4.2 Les risques d’un accès sans preuve

     

L’accès sans résultat d’évaluation à des nouvelles propositions thérapeutiques est régulièrement demandé en arguant qu’il n’est pas possible de laisser des patients sans ce traitement dans le groupe contrôle d’un essai. Il est alors avancé qu’à la fin de l’essai il s’avéra que les patients du groupe contrôle auront été défavorisés par rapport à ceux du groupe traité si le candidat traitement s’avère efficace. Ce raisonnement est bien entendu fallacieux à plusieurs niveaux.

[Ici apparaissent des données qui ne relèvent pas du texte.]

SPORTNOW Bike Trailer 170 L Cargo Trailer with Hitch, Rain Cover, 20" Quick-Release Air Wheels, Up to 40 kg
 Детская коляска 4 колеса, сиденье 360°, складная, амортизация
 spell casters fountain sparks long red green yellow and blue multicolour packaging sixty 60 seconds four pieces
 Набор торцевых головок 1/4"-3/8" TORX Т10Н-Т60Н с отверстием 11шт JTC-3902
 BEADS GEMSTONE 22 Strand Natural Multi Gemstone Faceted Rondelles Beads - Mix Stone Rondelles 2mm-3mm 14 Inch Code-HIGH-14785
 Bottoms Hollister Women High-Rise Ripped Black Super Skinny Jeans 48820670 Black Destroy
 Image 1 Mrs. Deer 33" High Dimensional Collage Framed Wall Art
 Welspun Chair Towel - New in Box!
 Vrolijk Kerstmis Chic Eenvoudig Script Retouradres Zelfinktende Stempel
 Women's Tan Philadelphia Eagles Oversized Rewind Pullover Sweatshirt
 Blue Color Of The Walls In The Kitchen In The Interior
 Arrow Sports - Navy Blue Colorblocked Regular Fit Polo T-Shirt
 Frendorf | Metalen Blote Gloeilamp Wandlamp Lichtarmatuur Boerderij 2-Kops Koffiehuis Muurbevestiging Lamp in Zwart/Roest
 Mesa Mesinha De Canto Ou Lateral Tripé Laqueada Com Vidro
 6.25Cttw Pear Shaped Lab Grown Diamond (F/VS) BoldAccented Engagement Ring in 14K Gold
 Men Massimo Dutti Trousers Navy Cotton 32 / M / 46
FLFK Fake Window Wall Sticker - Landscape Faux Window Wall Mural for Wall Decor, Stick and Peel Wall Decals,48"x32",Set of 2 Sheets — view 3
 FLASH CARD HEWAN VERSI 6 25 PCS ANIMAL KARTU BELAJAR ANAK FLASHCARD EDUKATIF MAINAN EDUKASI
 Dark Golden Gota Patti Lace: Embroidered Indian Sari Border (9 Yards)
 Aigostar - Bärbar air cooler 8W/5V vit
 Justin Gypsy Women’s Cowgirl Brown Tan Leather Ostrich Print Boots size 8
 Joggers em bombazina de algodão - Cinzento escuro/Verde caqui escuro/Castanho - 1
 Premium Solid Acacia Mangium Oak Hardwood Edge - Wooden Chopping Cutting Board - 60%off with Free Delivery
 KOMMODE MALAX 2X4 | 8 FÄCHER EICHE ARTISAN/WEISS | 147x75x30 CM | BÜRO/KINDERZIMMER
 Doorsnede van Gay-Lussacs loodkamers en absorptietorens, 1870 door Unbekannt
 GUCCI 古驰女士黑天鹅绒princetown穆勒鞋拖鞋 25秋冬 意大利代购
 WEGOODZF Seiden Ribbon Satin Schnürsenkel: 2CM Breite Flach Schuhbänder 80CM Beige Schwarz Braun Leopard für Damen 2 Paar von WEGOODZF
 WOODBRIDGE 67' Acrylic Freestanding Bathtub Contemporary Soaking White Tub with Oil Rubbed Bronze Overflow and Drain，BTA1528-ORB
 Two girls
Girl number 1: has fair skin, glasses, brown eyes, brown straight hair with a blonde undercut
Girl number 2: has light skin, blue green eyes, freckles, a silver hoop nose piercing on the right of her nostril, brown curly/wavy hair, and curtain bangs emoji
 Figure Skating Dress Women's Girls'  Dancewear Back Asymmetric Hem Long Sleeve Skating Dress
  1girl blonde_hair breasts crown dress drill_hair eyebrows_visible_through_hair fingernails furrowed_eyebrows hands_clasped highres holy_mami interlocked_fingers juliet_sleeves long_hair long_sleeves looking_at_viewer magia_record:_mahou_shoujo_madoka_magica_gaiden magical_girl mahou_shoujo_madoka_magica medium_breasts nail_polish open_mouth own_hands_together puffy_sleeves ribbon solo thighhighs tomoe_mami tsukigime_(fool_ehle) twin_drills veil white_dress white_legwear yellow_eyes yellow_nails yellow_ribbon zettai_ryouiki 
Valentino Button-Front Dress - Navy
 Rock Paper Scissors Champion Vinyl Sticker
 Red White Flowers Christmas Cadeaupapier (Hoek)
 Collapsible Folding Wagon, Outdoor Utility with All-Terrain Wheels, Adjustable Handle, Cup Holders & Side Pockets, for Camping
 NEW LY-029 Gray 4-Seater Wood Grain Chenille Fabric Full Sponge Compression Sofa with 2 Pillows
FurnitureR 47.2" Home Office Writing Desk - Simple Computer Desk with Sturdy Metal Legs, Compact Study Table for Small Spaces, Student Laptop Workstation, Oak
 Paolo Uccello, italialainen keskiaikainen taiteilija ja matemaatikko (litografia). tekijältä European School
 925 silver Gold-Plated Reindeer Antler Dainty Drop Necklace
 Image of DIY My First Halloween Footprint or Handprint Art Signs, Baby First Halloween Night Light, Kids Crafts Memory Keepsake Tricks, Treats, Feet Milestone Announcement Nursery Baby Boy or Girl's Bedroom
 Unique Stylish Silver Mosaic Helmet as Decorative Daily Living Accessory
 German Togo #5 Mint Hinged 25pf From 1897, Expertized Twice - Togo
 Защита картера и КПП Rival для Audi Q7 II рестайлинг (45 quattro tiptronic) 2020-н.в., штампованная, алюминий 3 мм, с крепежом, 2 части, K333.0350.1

Par exemple cette demande a été très forte au début de la crise du COVID de la part des patients et des médecins. L’identification rapide in vitro de molécules déjà disponibles pouvant avoir une action sur le virus a fait émerger une demande d’utilisation de ces molécules sans attendre la démonstration de leur intérêt clinique dans des essais randomisés en arguant la gravité de la situation, l’urgence et l’absence de traitement spécifique. Un vif débat porté sur la place publique et dans la société civile a d’ailleurs eu lieu. Malgré des appels à la raison [10] et des recommandations qui suivaient scrupuleusement les faits prouvés, un mésusage s’est rapidement instauré avec plusieurs molécules comme l’hydroxychloroquine, l’azithromycine, la vitamine D, etc. [165 , 166 , 167] . Malgré tout, des groupes collaboratifs ont su garder le cap et réaliser les essais randomisés nécessaires. Ces études ont permis d’identifier des traitements majeurs apportant un réel bénéfice (corticoïdes par exemple) mais ils ont aussi été négatifs pour beaucoup d’autres traitements, illustrant à nouveau les limites des inférences hâtives à partir des mécanismes (dus dans ce cas aux limites des modèles in vitro et précliniques, et à des simplifications dans le raisonnement négligeant par exemple les aspects pharmacocinétiques ou les effets indésirables). Malheureusement, cette histoire fournit aussi un exemple d’un des risques majeurs de l’usage compassionnel, celui d’utiliser un traitement avec un effet délétère. En effet la méta-analyse des essais randomisés permet de mettre en évidence une surmortalité avec l’hydroxychloroquine (pas forcément en relation avec une toxicité cardiaque d’ailleurs mais peut être avec une aggravation de la maladie comme le suggère une augmentation de la fréquence de la nécessité d’une ventilation mécanique).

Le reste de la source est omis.